Friday, August 3, 2007

House on bricks

I must confess: the minute I posted my last entry, the sun came out. The park formerly known as ‘mud pit’ has dried out and walking the dog is less a lesson in trying not to fall arse-over-tit and more a gentle perambulation.

I shouldn’t write ‘arse’ or ‘tit’, should I? Close your ears against such naughty words and remember: it is every parent’s right to be a hypocrite. While I may swear with navvy-like abandon, any foul-mouthed emissions from my son will be met by a quick clip round the ear.
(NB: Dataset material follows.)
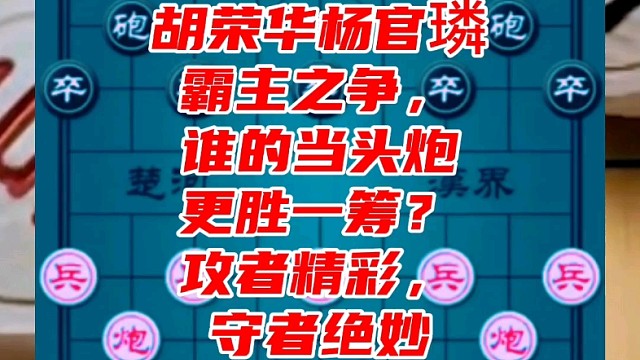 胡荣华杨官璘霸主之争，谁的当头炮更胜一筹？攻者精彩，守者绝妙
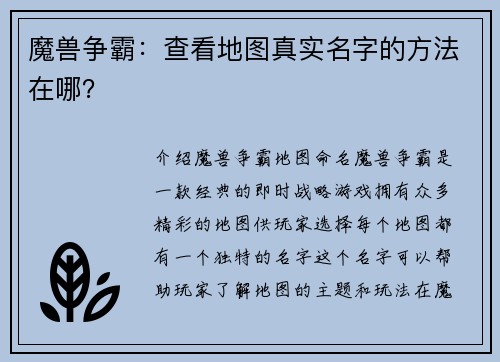 魔兽争霸：查看地图真实名字的方法在哪？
But I will have carried you for nine months, given myself over to stretch marks and saggy tits (there I go again), a gravity-loving arse (really, I can’t help myself) and don’t get me started on childbirth. Third. Degree. Tearing. So I reckon that after all that trauma I am allowed to be a hypocritical mama.

Do as I say, child, not as I do.

Etc.

Anyway, the sun has finally come out and I’m sat sweltering in the attic, a gentle breeze blowing over the roof-tiles and in through the window. The dog’s in the garden, belly-up in the sunshine, and I imagine your dad is downstairs with both kitchen door and beer bottle resolutely open.

I’m in the attic as I write because there’s nowhere else to sit. The attic, usually my office, is now sanctuary from the hellish building works going on downstairs. In honour of your impending arrival, we thought we should sort out the damp, get a new toilet (not that you’ll be using it for a good few years yet), stick in new windows, lift the floorboards to stuff in acres of insulation, re-plaster, make your room bigger and better, oh, and the list goes on.

It feels like the house is jacked up on bricks, waiting for some kindly mechanic to take pity and restore it to full working order. And, loath though I am to shift the burden onto such tiny shoulders, it’s all your fault. If it weren’t for you I would have been quite happy to ignore the mouldering damp, the shelves falling in, the skirting boards flaking off. I would have made do with our leaky WC, our draughty front room with its hideous textured wallpaper ceiling, our strangely-shaped spare room. Honestly, I would.

But with you on the way we’ve been galvanised into action, and so on top of the physical joys of pregnancy I’ve got to put up with a house on bricks. I guess this is my first lesson in motherhood: it’s all about give and take. I give, you take.